Church Of St John The Baptist is a Grade II listed building in the Stroud local planning authority area, England. First listed on 28 June 1960. A Medieval Church.
Church Of St John The Baptist
- WRENN ID
- rough-kitchen-sorrel
- Grade
- II
- Local Planning Authority
- Stroud
- Country
- England
- Date first listed
- 28 June 1960
- Type
- Church
- Period
- Medieval
- Source
- Historic England listing
Description
The Church of St John the Baptist is a parish church with a 14th-century tower. The remainder of the church was extensively rebuilt in the 18th and early 19th centuries, and restored and partly rebuilt in 1865 by W.B. Baker of Stroud. A large south aisle and chapel were added between 1894 and 1896. The church is constructed of ashlar limestone, with a stone and artificial stone slate roof.
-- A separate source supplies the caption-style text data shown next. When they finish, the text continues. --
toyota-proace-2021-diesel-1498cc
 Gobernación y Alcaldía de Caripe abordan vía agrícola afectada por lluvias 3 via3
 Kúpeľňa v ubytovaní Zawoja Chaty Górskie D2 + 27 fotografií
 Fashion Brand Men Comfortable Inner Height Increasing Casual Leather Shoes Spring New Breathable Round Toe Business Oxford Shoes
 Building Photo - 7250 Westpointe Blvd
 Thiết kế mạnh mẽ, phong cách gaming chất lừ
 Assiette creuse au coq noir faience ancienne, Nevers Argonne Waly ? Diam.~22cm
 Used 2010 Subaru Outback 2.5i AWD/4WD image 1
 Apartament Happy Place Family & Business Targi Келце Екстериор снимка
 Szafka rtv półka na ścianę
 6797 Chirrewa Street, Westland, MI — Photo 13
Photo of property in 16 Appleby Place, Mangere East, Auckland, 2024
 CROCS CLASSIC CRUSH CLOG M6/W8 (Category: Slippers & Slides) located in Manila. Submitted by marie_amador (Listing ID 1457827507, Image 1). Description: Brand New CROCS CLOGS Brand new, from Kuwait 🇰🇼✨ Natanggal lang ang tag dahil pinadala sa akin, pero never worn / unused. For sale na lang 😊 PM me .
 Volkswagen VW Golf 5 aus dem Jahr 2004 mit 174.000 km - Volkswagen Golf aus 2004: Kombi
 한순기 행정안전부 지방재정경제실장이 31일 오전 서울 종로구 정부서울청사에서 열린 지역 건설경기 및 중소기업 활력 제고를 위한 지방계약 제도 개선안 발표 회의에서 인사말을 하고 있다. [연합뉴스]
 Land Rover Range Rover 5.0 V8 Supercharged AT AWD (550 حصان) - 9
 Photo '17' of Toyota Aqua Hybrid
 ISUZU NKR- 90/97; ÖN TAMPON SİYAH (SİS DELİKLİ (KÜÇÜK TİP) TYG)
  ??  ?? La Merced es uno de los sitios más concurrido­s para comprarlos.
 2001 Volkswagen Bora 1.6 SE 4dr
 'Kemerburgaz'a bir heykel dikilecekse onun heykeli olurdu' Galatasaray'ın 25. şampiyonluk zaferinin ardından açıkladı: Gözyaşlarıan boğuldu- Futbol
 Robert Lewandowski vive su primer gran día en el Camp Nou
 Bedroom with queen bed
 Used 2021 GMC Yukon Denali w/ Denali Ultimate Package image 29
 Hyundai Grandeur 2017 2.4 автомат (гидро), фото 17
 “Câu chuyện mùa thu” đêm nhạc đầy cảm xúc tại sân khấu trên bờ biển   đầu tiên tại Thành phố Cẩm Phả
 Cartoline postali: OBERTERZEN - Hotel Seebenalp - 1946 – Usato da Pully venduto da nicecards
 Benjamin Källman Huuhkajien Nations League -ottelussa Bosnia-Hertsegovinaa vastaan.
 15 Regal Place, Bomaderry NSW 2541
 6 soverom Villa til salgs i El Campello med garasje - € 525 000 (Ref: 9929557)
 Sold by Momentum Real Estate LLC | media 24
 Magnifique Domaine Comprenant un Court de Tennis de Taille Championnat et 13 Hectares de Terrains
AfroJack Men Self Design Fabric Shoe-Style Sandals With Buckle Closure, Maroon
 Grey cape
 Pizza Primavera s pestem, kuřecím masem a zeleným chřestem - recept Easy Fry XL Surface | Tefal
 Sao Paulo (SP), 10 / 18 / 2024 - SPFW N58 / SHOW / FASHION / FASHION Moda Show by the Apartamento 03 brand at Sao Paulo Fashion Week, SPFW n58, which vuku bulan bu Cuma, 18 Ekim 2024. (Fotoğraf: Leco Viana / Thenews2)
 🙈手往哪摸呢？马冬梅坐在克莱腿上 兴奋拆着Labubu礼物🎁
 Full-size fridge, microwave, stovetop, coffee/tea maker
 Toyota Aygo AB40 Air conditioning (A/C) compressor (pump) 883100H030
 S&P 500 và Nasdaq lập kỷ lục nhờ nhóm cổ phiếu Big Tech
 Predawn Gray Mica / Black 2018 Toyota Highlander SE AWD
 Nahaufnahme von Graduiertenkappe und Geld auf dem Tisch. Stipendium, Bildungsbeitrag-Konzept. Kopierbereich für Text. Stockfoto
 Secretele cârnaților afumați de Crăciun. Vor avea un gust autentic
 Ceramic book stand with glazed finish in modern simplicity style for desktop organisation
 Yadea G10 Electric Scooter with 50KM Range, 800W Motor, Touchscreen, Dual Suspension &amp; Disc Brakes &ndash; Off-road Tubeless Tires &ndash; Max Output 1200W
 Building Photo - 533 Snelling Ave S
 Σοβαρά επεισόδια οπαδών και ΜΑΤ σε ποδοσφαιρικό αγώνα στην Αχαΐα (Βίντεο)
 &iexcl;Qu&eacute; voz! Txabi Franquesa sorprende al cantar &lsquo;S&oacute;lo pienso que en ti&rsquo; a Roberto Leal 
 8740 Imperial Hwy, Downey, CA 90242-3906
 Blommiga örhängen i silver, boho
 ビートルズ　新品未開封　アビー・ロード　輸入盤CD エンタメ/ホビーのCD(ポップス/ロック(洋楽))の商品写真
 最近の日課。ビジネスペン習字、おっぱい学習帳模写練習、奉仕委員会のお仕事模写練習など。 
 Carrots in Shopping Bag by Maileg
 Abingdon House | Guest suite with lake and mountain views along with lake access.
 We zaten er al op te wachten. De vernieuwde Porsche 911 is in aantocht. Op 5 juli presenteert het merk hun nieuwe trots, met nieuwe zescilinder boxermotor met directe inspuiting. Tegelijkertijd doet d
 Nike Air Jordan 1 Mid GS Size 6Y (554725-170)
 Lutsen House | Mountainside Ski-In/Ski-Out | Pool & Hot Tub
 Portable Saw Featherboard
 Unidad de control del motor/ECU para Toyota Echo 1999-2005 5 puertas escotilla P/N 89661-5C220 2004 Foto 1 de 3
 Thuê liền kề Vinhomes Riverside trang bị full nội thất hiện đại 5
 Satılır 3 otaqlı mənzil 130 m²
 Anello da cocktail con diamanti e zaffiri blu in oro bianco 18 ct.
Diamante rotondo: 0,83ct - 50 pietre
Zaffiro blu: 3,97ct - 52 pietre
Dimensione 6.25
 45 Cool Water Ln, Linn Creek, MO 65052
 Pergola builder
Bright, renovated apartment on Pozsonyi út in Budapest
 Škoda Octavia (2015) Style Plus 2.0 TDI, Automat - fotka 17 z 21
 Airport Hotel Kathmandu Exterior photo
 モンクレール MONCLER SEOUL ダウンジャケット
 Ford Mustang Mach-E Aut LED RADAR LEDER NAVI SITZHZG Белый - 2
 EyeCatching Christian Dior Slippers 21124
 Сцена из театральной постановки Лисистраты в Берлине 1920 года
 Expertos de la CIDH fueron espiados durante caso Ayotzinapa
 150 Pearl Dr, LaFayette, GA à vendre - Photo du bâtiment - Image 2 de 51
The church consists of a nave and chancel, a south aisle and chapel, a north vestry, and a west tower. The two-stage tower has Decorated tracery to the west window and diagonal offset corner buttresses. It is topped with two-light belfry openings, stone louvres, and a crenellated parapet. The west porch has a gabled, pointed archway; the base of the aisle wall incorporates older masonry including a stone dated 1719, while the upper part of the gable features a cusped circular west window, added between 1894 and 1896. There are three geometrical traceried windows to the south wall of the aisle and three Decorated-style windows to the north nave wall. Parapet gables mark the east ends of the chancel and south aisle. The chancel window has Decorated tracery, while the aisle window has geometrical tracery. A 20th-century gabled north vestry is present, and the organ loft has a hipped roof.
Inside, there is a 19th-century two-bay pointed-arch arcade separating the nave and aisle, which are of similar width and height. A low-pitched ribbed ceiling covers the nave, with a five-bay arched braced collar truss roof over the aisle. The chancel has cusped roof trusses supported on carved corbels with shafts to the eastern bay, terminating in carved angels. A shouldered arched doorway to the vestry has a quatrefoil openwork panel above. There is a curiously placed pointed arched doorway central to the east end of the aisle. The church contains a font, pulpit, pews, and choir stalls, all dating from the 19th century. Several monuments are present, including a wall tablet with an elaborate border containing cherubs’ heads commemorating Sarah Cooke, who died in 1726. Others commemorate James Mitchel, Gent Lord of Randwick, who died in 1758, and Ann, wife of Thomas White, who died in 1784. Later 19th-century stained glass is in some windows. A Queen Anne hatchment dated 1711 is set into the west wall of the aisle.